Помолчали. Потом прорезался Иорданов.
— Я засыпаю, — сообщил он, — потому что моя совесть в этом деле чиста.
— Моя тоже, — сказал Баранчук.
Смирницкий в темноте улыбнулся.
— Ну что ж, спокойной ночи, — и он накрылся одеялом с головой, вызывая к жизни из глубин подсознания необходимое ему сновидение.
Неизвестно как, неизвестно зачем и неизвестно откуда, но тем не менее откуда-то пришла печальная мелодия скрипки и заполнила все вокруг. Комнату озарил угасающий луч. Он с волшебной плавностью двинулся по комнате от одной кровати к другой, пока не остановился на нем, настойчиво сообщая чуть ли не материальное тепло, приглашая отбросить колючее одеяло.

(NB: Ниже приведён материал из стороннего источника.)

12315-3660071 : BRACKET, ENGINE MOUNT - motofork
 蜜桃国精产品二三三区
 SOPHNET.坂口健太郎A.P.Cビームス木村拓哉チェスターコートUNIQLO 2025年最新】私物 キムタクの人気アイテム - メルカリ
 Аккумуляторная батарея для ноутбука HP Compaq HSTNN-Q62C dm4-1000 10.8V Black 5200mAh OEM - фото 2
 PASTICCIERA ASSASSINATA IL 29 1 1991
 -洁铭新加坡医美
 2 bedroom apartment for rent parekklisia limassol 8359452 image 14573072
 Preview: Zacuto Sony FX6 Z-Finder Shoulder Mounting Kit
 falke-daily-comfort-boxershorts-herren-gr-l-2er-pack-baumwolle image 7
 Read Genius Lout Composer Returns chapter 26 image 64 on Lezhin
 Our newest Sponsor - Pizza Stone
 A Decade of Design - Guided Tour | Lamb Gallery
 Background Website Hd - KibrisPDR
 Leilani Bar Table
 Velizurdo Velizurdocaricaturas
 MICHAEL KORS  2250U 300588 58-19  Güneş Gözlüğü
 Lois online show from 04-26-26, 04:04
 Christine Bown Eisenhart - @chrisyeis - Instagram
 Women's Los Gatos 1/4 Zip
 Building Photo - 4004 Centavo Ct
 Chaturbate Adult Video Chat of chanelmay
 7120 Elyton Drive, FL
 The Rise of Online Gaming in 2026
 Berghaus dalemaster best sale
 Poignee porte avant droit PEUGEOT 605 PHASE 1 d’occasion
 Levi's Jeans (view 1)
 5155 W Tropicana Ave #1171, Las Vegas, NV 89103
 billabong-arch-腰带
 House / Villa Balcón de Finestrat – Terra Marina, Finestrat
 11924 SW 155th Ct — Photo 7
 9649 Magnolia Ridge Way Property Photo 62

И тогда Смирницкий встал и, как был в тренировочном костюме и тапочках, вышел на улицу — прямо к шлагбауму. Потому что по ту сторону этой полосатой перекладины уже стояла Ольга — в тонком весеннем платье, в легких туфельках — прямо на снегу. Так они и стояли некоторое время, молча глядя друг другу в глаза, — разделенные шлагбаумом, тремя тысячами километров и судьбой.
— Доброе утро, Оля.
— У нас еще вечер, милый.
— А-а… да, конечно.
— Ну что, забрался в глушь, как хотел?
— Да уж забрался…
— Ну и как?
— Нормально.
— Нет, Витечка, не нормально. Худо тебе.
— С чего ты взяла?
— Люблю. Вот и чувствую. Все три года. И ты меня любишь и тоже чувствуешь.
— Да что я чувствовать-то должен?
— Тревогу. И неуверенность.
— Господи, да я спокоен и счастлив. Понимаешь, спокоен, потому что счастлив с тобой.
— Нет, все наоборот. Ты счастлив, потому что спокоен.
— А что же, по-твоему, я должен делать?
— Ревновать… Беситься… Может быть, даже ударить меня.
— Ударить? Тебя? Но за что?!
— За то, что я не твоя жена, а чужая. За то, что я люблю тебя, а вышла за него. За то, что мои губы путают ваши имена до сих пор. Мало? Ну тогда хотя бы за то, что я не могу взять под руку, когда хочу!
— Что с тобой? Успокойся! Я же простил тебя.
— Ты простил меня? Правда? Ну тогда я сейчас успокоюсь. Вот видишь — уже спокойна. Даже не плачу, улыбаюсь. Все спокойно, ты доволен?
— Знаешь, ты меня иной раз ставишь в тупик. На небе ни облачка, солнечно, а ощущение ненастья — зябко, сумеречно, неприятно…
— Витечка, почему ты всем доволен?
— Что я — привереда?
— Ты всегда был всем доволен. Мной. Работой. Едой. Окружением. Почему ты не хочешь что-нибудь сломать, переиначить, перевернуть с ног на голову?
— Зачем? Мир гармоничен.
— Но ведь человеку иногда просто нужно, чтобы что-то было иначе. Пусть хуже, но иначе. Скажи, тебе хоть однажды хотелось… передвинуть шкаф? Обыкновенный шкаф — у тебя в комнате?